Facciamo un esempio.
“La breakdance, la danza sportiva, che è una cosa che i giovani fanno tantissimo: sai per fare la breakdance cosa serve? Niente. Prendiamo il surf: sai cosa serve per surfare? Un luogo dove c’è un’onda. Non ho finito, c’è un terzo esempio importante: il parkour. Sai cosa serve per fare il parkour? Un centro urbano, meglio se un luogo di periferia, che può anche essere degradata o con problemi sociali; ti bastano un marciapiede, una ringhiera e una rampa di cemento. E poi c’è l’arrampicata, la gente pensa che uno debba scalare una montagna e invece no, basta che appoggi a un muro una parete attrezzata, e funziona tantissimo con le scuole, anche con i bambini delle primarie. Ecco, è un po’ diverso che costruire uno stadio…”.
Sono i Giochi del futuro.
“Assolutamente sì, la direzione in cui si va è questa”.
Dopo Parigi, con la sua fondamentale sfida per la sostenibilità, la prossima Olimpiade tocca a noi, e su Milano Cortina le polemiche sulla sostenibilità, sono tante.
“Ce ne sono tante e purtroppo temo che ce ne saranno ancora, però io più di cercare di raccontare la verità e di non nascondere le cose non so che fare. Perché se qualcuno non ha una forma di pregiudizio contro i giochi olimpici, allora onestamente pensare di organizzare una candidatura e attuarla meglio di come stiamo facendo è impossibile”.
Meglio di Milano Cortina non si può fare?
“È un caso di antonomasia sotto tutti i punti di vista.

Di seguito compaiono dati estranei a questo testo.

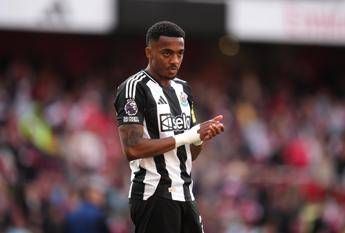 Calciomercato, Liverpool choc: 150 milioni per Isak, è record in Premier League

Non è l’Olimpiade di Milano, non è l’Olimpiade di Cortina, come si è fatto in tutti i posti dal 1896 ad oggi, è l’Olimpiade dei territori, perché c’è la Lombardia, c’è il Veneto, c’è il Trentino e c’è l’Alto Adige, e quindi andremo a fare le gare dove già c’era una struttura: ad Anterselva che è il Tempio del Biathlon, in Val di Fiemme che è il Tempio del Fondo, eccetera. Il 91 per cento degli impianti era già realizzato, un solo impianto si sta realizzando ex novo, che è la pista non di Bob, ma lo sliding center dove si fanno tre sport, Skeleton, Slittino e Bob. Se non va bene neanche così che posso dire?”